By Meg Wagner | NEW YORK DAILY NEWS
One of the two black sprinters who defiantly raised his fist during the 1968 Olympics defended the five St. Louis Rams players who walked onto their home field Sunday, arms raised in solidarity with the Ferguson protesters.
Olympic bronze medalist John Carlos and his teammate, gold medalist Tommie Smith, earned front page headlines across the world during an era of dramatic racial tension just six months after Martin Luther King Jr. was assassinated.
While 46 years and 1,700 miles separate the 1968 Mexico City games and Sunday’s St. Louis Rams match, the two gestures carry the same message, Carlos, now 69 years old, told the Daily News Tuesday.
“(The Rams players) realize that there is a need for a voice and they had the right opportunity — like we did — to be that voice, to be heard.”
The Rams’ raised arms symbolized the rallying cry of Ferguson activists: “Hands up, don’t shoot!” The move pitted the team against furious St. Louis cops.
Ferguson, St. Louis and nationwide demonstrators have used the move while protesting the death of black teenager Michael Brown by white police officer Darren Wilson. Some witnesses claim Wilson fired while the teen’s hands were raised.
Carlos said that while the five Rams — Kenny Britt, Tavon Austin, Stedman Bailey, Jared Cook and Chris Givens — are professional football players, they are citizens first.
“Their job was to go out and to play football, that doesn’t preclude them from what’s happening in society,” he said. “They’re concerned about humanity, with young black kids being gun downed. This is rampant. This has been going on for some time. People are fed up.”

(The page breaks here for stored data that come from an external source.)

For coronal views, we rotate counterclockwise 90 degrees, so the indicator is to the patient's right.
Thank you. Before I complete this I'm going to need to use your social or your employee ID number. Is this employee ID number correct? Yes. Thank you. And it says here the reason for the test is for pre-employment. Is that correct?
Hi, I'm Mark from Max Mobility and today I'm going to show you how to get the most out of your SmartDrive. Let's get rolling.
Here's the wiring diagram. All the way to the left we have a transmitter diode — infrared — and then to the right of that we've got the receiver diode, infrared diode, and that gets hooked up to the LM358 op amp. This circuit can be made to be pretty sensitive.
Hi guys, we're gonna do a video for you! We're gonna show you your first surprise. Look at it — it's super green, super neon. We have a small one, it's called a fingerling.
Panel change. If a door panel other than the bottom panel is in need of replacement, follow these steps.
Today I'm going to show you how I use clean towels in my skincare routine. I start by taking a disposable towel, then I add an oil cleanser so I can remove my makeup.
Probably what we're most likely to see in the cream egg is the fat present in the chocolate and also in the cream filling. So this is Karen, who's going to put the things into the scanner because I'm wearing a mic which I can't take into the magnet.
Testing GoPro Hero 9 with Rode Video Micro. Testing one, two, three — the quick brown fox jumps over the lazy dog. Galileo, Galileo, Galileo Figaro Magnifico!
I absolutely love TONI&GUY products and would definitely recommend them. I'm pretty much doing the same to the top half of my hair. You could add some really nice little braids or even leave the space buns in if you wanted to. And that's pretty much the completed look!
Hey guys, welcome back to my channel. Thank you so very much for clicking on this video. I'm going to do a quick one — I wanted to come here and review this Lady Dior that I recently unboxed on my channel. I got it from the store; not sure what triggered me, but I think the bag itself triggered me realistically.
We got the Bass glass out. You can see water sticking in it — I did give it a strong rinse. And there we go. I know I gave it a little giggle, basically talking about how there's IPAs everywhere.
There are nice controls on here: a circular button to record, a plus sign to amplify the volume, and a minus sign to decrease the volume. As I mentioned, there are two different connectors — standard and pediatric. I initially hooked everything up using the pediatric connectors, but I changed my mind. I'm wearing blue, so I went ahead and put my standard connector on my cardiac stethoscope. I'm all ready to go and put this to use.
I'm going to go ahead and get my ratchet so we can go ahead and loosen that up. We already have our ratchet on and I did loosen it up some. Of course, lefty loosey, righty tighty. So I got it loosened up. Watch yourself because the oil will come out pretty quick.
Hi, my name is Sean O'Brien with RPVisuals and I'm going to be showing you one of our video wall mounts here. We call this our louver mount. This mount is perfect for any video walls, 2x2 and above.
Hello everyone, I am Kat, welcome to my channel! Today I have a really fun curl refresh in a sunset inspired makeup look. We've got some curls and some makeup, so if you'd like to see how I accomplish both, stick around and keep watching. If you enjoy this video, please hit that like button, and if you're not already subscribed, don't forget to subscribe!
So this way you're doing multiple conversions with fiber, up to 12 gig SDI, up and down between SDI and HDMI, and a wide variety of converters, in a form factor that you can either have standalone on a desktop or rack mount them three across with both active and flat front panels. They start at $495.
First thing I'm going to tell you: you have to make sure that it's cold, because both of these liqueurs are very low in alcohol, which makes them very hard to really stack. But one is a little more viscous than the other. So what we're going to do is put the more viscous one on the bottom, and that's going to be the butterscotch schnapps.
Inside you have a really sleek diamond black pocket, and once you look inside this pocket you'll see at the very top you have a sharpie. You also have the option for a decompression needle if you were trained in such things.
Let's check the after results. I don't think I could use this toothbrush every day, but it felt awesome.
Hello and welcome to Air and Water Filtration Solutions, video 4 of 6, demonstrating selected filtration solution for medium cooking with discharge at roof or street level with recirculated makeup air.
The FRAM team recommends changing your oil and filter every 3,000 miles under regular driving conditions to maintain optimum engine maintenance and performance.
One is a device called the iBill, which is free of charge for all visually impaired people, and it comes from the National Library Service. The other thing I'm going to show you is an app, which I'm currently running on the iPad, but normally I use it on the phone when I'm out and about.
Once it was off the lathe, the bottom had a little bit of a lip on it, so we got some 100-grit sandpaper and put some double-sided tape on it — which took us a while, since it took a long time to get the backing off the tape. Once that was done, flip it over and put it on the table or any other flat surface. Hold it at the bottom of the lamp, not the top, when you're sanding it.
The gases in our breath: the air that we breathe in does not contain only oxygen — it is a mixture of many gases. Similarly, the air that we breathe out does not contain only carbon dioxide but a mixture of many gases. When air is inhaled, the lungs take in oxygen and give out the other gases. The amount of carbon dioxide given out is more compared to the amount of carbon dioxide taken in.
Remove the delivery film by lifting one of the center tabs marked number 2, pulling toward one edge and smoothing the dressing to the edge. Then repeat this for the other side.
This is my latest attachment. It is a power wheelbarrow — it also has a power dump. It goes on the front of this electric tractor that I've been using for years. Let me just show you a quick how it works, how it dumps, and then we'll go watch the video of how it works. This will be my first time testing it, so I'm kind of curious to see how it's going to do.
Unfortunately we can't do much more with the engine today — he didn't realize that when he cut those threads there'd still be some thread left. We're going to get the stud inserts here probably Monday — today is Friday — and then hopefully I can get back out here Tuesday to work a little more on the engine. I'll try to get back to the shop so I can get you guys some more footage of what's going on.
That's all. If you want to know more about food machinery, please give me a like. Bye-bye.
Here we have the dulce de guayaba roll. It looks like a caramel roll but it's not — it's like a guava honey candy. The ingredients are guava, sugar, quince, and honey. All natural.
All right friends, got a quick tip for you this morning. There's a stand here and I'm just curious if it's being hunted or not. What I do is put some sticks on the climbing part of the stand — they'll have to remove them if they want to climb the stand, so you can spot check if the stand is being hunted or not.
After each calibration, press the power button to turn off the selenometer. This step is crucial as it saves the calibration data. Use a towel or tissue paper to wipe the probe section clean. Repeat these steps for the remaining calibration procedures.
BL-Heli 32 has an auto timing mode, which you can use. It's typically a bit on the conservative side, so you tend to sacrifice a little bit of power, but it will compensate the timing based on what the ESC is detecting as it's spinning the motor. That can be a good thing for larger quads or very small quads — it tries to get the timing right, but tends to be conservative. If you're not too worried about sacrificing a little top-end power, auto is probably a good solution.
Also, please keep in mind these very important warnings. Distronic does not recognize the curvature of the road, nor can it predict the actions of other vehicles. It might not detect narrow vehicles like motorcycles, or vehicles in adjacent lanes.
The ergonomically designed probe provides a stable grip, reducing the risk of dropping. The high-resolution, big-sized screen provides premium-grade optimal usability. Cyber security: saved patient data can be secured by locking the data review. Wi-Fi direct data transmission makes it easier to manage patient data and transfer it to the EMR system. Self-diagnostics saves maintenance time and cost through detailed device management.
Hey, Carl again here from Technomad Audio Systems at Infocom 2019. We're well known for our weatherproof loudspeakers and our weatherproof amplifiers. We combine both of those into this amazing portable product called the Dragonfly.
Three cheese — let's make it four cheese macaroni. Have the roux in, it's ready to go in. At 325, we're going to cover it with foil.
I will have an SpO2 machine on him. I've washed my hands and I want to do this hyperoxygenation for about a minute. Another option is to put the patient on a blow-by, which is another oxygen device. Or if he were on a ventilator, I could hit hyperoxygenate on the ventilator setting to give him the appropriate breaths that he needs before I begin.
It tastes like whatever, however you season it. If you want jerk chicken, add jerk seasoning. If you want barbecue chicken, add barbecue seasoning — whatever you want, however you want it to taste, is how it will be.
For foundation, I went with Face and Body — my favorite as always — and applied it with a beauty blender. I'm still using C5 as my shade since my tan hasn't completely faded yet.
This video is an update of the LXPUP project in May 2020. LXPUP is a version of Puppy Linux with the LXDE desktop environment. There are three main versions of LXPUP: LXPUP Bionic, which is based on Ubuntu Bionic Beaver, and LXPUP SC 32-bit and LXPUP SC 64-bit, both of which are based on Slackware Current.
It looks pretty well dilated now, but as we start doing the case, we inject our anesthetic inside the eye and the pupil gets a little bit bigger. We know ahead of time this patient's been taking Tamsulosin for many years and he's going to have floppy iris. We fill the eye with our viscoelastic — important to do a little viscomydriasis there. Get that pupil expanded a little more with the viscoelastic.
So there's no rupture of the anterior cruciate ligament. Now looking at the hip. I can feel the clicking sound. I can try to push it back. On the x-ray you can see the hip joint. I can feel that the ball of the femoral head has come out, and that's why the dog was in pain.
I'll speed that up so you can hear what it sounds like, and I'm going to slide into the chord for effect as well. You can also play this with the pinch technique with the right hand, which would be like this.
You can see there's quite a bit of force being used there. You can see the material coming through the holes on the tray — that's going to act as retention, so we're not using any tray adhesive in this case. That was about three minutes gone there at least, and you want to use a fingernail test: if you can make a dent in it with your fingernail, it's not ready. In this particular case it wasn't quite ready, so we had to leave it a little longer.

Carlos and Smith gained international fame during the 1968 Summer Games, first for their track and field wins for the USA and then for their silent, fist-up symbol while accepting their medals.
Originally, commentators dubbed the raised fists a Black Power salute, but the two later explained it was a call for human rights reform everywhere. The International Olympic Committee was furious with the political statement: while the two athletes got to keep their medals, they were suspended from the U.S. team and banned from the Olympic Village.
Carlos said his 1968 demonstration stemmed from a desire to “open people’s minds.” With an international audience, he felt it was his responsibility to bring the issue into the limelight.
“It’s anyone’s duty to speak up,” he said.
That’s the same calling the five Rams players felt on Sunday, he said.
“It takes courage. It takes willingness. It takes insight,” he said.
During the Rams’ Sunday home blowout against the Oakland Raiders, St. Louis Police demanded an apology from the team.
St. Louis County Police Chief Jon Belmar told his staff Monday that Kevin Demoff, the Rams’ chief operating officer, had made the apology. But the team quickly fired back to dismiss the claim: while the team had “positive discussions” with the force, it did not say sorry for the gesture.
Carlos said none of the five players needs to apologize.
“They speak volumes for those who cannot speak up,” he said.